The model was pre-trained on the internal image captioning dataset and fine-tuned on public instructions datasets: SVIT, LVIS, VQAs datasets.
The model took one day to train on a DGX-H100 with 8x H100 GPUs.
Thanks to [Nebius.ai](https://nebius.ai) for providing the compute 🤗

### Usage


The generative model can be used to caption images, answer questions about them.
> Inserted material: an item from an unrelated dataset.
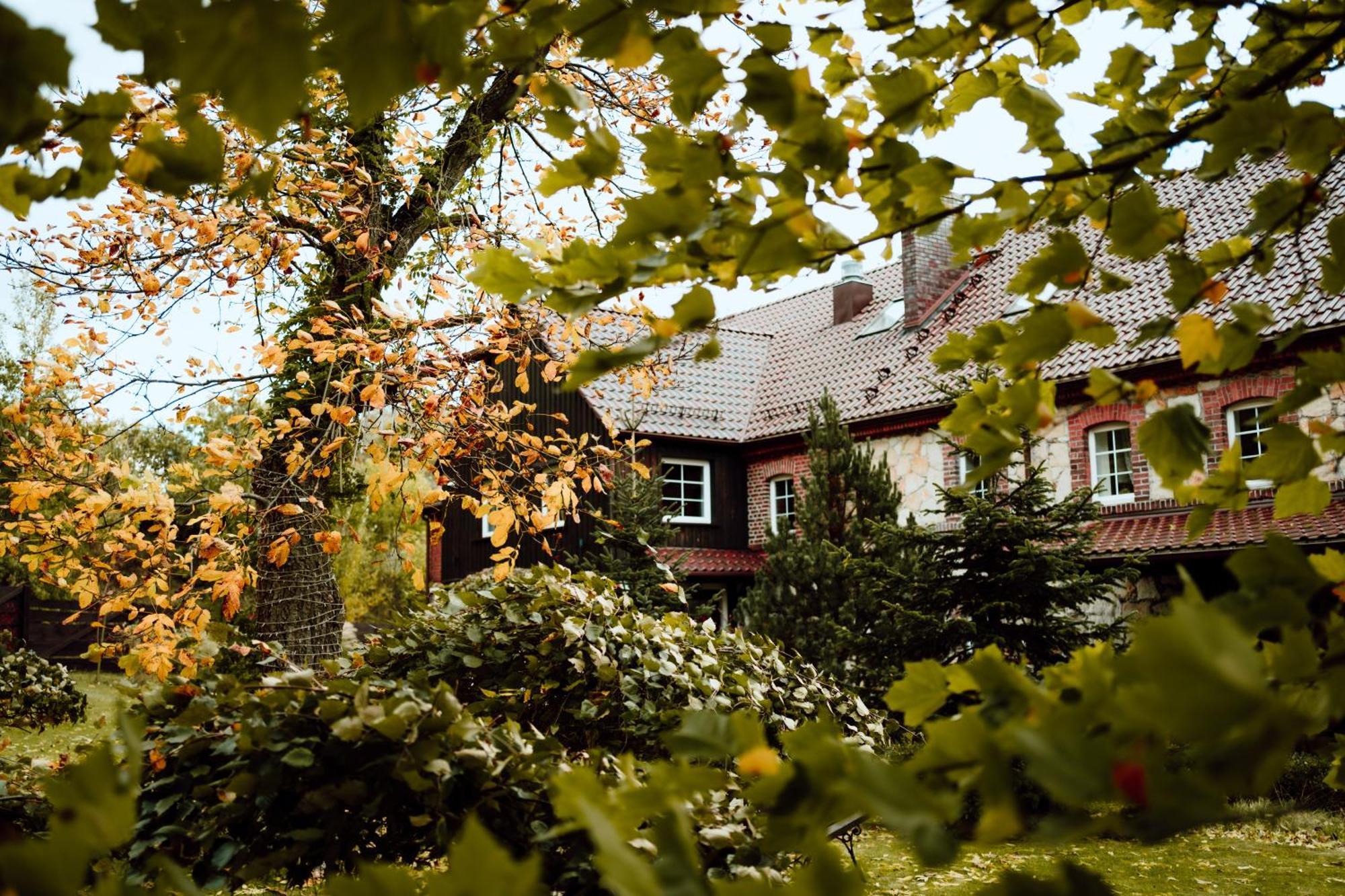 Villa Na Uboczu à Gryfów Śląski Extérieur photo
Also it is suitable for a multimodal chat.

```python
from transformers import AutoModel, AutoProcessor

model = AutoModel.from_pretrained("unum-cloud/uform-gen2-qwen-500m", trust_remote_code=True)
processor = AutoProcessor.from_pretrained("unum-cloud/uform-gen2-qwen-500m", trust_remote_code=True)

prompt = "Question or Instruction"
image = Image.open("image.jpg")

inputs = processor(text=[prompt], images=[image], return_tensors="pt")
with torch.inference_mode():
     output = model.generate(
        **inputs,
        do_sample=False,
        use_cache=True,
        max_new_tokens=256,
        eos_token_id=151645,
        pad_token_id=processor.tokenizer.pad_token_id
    )

prompt_len = inputs["input_ids"].shape[1]
decoded_text = processor.batch_decode(output[:, prompt_len:])[0]
```

You can check examples of different prompts in our demo space.

## Evaluation


| Model                               | LLM Size |  SQA  |  MME   | MMBench  | Average¹ |
| :---------------------------------- | -------: | -----:| ------:| --------:| --------:|
| UForm-Gen2-Qwen-500m                |   0.5B   | 45.5  | 880.1  |  42.0    |   29.31  |
| MobileVLM v2                        |   1.4B   | 52.1  | 1302.8 |  57.7    |   36.81  |
| LLaVA-Phi                           |   2.7B   | 68.4  | 1335.1 |  59.8    |   42.95  |

¹MME scores were divided by 2000 before averaging.